Occorre invece, nel caso di specie, stabilire se risponda – in quanto “debito inerente all’esercizio dell’azienda” e sempreché “risult(i) dai libri contabili obbligatori” – l’acquirente dell’azienda, in virtù del disposto dell’art. 2560 c.c., comma 2, per il debito esistente non direttamente verso il creditore originario (nella specie, la banca in forza di contratto di conto corrente bancario), ma derivante dall’esercizio dell’azione di surrogazione ex art. 1949 c.c. da parte del fideiussore, che quel debito abbia pagato.

Con riguardo alla surrogazione, questa Corte (cfr.
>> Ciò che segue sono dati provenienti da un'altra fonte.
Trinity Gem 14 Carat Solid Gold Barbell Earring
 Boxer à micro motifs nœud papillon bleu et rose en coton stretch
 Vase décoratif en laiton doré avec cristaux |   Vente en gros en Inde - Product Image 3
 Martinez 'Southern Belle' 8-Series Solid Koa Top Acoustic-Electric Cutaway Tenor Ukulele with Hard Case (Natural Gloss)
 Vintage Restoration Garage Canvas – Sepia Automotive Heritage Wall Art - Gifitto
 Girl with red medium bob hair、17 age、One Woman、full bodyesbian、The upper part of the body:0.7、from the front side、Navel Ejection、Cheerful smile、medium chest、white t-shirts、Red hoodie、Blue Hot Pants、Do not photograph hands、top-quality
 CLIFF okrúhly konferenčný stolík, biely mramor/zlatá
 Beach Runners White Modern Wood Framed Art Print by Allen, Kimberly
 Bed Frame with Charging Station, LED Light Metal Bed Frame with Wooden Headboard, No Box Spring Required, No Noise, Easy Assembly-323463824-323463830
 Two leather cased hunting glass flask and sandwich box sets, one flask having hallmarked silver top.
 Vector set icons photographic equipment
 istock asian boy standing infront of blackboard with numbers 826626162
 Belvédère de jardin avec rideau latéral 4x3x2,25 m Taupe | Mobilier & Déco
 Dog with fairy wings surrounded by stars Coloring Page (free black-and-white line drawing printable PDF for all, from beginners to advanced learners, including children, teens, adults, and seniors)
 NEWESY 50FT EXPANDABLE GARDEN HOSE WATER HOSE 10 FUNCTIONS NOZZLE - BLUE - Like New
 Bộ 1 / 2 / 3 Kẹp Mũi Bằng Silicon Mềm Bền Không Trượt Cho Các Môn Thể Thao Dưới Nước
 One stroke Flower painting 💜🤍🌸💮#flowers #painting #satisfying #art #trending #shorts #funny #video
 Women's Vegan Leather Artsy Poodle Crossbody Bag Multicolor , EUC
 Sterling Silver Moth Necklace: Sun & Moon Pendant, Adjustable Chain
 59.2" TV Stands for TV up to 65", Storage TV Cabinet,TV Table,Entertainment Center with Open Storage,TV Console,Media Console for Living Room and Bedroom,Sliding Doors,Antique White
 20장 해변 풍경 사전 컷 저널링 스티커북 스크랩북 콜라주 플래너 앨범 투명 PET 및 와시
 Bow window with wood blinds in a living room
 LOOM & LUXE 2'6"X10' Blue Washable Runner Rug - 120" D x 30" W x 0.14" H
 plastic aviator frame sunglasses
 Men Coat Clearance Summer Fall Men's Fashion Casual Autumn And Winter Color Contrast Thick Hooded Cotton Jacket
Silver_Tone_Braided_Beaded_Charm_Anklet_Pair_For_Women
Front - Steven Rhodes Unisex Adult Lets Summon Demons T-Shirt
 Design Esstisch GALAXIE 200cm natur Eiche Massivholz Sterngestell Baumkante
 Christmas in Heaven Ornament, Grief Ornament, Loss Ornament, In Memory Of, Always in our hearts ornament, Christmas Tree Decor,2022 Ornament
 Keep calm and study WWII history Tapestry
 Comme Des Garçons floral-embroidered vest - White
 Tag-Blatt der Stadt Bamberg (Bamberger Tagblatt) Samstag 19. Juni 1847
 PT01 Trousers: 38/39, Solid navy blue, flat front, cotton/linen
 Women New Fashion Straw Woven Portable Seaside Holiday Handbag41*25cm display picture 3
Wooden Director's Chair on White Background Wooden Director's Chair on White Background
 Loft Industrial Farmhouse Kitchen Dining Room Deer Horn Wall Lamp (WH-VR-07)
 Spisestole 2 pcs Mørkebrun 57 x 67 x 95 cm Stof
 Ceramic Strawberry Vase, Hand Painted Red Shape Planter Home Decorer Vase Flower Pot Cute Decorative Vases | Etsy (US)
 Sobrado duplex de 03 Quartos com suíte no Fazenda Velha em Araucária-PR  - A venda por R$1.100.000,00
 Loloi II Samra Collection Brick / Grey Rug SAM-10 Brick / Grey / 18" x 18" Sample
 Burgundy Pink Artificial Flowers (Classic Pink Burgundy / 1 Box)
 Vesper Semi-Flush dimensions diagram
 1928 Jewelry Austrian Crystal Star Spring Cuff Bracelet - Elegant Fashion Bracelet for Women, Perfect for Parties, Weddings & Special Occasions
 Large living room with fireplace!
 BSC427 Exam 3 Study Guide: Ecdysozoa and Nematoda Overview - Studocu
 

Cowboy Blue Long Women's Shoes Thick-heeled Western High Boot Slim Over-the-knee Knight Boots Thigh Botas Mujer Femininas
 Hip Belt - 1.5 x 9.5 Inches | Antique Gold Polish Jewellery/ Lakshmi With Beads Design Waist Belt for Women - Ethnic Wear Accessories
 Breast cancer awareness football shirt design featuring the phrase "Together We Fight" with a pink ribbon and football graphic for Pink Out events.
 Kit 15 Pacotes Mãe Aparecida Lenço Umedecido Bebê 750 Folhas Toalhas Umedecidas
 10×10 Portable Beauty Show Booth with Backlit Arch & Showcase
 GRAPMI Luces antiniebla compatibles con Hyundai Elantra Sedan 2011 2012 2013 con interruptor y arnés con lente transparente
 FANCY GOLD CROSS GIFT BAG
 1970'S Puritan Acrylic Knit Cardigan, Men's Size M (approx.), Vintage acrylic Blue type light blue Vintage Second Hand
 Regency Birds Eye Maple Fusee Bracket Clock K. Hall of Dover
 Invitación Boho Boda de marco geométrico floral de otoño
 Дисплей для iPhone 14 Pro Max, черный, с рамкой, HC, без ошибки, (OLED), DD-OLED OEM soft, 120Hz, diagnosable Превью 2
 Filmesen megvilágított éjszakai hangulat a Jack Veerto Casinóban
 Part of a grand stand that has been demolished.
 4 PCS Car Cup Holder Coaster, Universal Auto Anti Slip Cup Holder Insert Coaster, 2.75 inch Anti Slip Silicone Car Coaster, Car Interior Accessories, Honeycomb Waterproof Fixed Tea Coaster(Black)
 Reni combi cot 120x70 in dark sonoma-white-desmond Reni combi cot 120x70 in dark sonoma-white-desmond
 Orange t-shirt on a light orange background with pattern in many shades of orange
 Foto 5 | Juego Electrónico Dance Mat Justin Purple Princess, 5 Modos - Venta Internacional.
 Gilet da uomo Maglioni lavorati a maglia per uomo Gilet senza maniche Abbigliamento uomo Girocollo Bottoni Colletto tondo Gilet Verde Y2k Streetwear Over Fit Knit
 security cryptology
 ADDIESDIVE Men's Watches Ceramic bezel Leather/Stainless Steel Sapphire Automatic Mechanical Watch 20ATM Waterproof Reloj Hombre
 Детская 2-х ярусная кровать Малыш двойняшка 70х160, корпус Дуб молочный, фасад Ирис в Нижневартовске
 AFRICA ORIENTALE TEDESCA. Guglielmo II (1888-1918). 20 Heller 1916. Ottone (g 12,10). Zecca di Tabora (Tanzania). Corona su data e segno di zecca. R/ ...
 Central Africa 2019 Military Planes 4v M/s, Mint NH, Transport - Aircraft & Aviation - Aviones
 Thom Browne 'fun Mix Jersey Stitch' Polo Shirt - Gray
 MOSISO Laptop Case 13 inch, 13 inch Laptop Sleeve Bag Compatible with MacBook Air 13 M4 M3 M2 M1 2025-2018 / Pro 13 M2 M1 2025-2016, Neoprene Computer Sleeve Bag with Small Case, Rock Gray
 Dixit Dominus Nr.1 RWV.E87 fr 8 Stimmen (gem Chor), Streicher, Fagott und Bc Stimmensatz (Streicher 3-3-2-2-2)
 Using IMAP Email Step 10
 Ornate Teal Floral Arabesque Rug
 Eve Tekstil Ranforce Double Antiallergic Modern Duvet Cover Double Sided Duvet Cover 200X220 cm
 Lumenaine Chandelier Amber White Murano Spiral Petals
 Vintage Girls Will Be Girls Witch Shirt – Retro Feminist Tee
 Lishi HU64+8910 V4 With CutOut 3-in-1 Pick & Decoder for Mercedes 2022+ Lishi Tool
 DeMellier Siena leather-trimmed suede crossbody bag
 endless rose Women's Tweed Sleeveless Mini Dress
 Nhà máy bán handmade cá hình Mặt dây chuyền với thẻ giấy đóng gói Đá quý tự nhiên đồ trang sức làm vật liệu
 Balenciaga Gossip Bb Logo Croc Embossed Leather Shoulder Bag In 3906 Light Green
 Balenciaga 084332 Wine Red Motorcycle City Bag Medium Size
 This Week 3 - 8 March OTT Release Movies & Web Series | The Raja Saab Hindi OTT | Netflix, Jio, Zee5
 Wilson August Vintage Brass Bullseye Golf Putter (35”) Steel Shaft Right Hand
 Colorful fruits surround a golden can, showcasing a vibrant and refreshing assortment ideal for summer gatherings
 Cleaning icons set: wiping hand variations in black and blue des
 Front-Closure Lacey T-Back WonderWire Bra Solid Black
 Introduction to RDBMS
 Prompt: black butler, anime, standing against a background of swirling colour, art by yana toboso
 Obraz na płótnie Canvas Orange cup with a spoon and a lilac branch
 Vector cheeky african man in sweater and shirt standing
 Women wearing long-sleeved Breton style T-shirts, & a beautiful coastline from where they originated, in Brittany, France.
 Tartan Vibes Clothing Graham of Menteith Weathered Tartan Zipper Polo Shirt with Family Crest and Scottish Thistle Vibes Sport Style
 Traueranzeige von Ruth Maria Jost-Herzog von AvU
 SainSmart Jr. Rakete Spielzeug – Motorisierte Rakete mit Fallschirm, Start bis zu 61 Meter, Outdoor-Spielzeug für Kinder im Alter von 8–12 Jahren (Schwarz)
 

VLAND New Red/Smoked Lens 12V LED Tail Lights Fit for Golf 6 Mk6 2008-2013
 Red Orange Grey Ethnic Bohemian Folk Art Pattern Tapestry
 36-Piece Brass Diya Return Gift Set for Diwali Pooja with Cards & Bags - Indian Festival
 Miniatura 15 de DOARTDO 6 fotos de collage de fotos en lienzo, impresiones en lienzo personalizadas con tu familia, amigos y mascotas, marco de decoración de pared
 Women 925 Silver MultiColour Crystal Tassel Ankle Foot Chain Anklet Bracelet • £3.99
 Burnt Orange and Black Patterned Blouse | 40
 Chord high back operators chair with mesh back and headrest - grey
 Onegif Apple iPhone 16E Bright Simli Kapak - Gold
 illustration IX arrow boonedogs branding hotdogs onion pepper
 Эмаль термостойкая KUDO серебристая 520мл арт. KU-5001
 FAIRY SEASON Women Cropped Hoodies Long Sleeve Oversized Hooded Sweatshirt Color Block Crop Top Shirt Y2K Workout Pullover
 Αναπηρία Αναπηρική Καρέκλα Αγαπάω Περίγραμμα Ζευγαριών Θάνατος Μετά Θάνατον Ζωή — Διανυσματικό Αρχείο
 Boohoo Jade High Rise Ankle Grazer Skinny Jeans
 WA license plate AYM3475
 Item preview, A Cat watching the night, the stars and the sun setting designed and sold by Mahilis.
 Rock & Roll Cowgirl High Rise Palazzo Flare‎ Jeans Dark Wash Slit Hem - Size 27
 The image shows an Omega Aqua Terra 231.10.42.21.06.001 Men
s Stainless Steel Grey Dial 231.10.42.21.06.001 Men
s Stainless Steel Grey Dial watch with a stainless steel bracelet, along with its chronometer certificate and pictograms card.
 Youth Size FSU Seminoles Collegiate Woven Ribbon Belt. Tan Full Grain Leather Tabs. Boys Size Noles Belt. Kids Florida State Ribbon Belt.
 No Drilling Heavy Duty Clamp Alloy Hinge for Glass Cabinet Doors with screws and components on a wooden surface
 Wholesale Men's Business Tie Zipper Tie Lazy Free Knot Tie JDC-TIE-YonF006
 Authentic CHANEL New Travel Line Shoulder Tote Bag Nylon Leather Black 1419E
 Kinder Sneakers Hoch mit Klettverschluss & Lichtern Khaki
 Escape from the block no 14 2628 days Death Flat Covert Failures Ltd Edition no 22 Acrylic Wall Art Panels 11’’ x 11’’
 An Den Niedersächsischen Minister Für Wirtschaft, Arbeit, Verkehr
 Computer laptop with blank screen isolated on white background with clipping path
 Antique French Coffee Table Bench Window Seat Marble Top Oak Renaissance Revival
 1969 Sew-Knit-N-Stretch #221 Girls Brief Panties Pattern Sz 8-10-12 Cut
Cass. 30 giugno 2014, n. 14772, in motiv.) ha già osservato che essa realizza una variazione soggettiva del rapporto obbligatorio, in quanto l’adempimento del terzo non estingue l’obbligazione in senso oggettivo, ma piuttosto tacita la pretesa del creditore, senza liberare il debitore.

Si opera, quindi, una variazione dal lato attivo del rapporto obbligatorio e si mira ad agevolare la soddisfazione del soggetto attivo del rapporto stesso, consentendo a colui che paga di succedere nello stesso diritto di cui era titolare l’accipiens.

Nella specie, mentre i ricorrenti riferiscono di un’azione proposta nel ricorso monitorio dal fideiussore ai sensi di entrambe le disposizioni degli artt. 1949 e 1950 c.c., la sentenza in questa sede impugnata afferma senz’altro che il fideiussore si è surrogato ex art. 1203 c.c. nei diritti del creditore (la banca) (v. p. 3 della sentenza): onde si tratta dello stesso diritto di questa, esercitato dal fideiussore in via surrogatoria, a fronte del medesimo debito inerente l’azienda, di cui risponde proprio il cessionario, a norma dell’art. 2560, comma 2, c.c.

Una volta eseguito il pagamento, spetta al fideiussore, dunque, il diritto di surrogazione, ai sensi dell’art. 1203 c.c. e della disposizione speciale dell’art. 1949 c.c.: diritto in cui egli subentra in luogo del creditore.

Pertanto, come la banca creditrice avrebbe potuto agire per il pagamento del dovuto sia verso la diretta cliente, alienante l’azienda, sia verso la cessionaria di questa, del pari la posizione giuridica attiva, in virtù del subentro per effetto dell’azione di surrogazione ad opera del fideiussore che abbia pagato, è esercitabile da lui nei confronti di entrambe le parti, a tutela della medesima posizione creditoria. La soluzione raggiunta dalla sentenza impugnata, e’, in definitiva, corretta>>.